DATA LISTING ▸

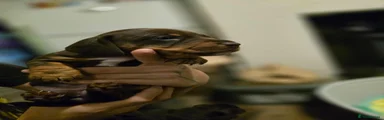 Jackshund 5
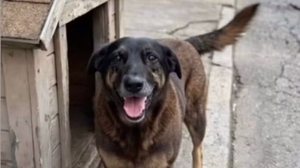 MP-SC conclui que cão Orelha não morreu por agressão de adolescentes - Reprodução / Redes sociais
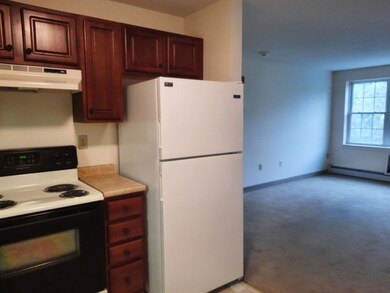 486 Nashua St unit 215, Milford, NH 03055 - photo 3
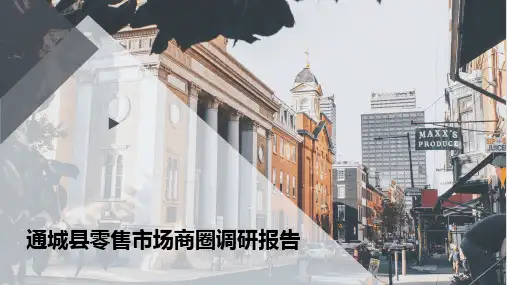通城县零售市场商圈调研报告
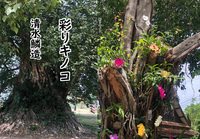 彩りキノコ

PROBLEM DESCRIPTION ▸ Set out, exactly as given, the line that contains "MP-SC conclui que" along with each line after it through the end of the records above; omit the pictures.

EXERCISE RESULT ▸
 MP-SC conclui que cão Orelha não morreu por agressão de adolescentes - Reprodução / Redes sociais
 486 Nashua St unit 215, Milford, NH 03055 - photo 3
通城县零售市场商圈调研报告
 彩りキノコ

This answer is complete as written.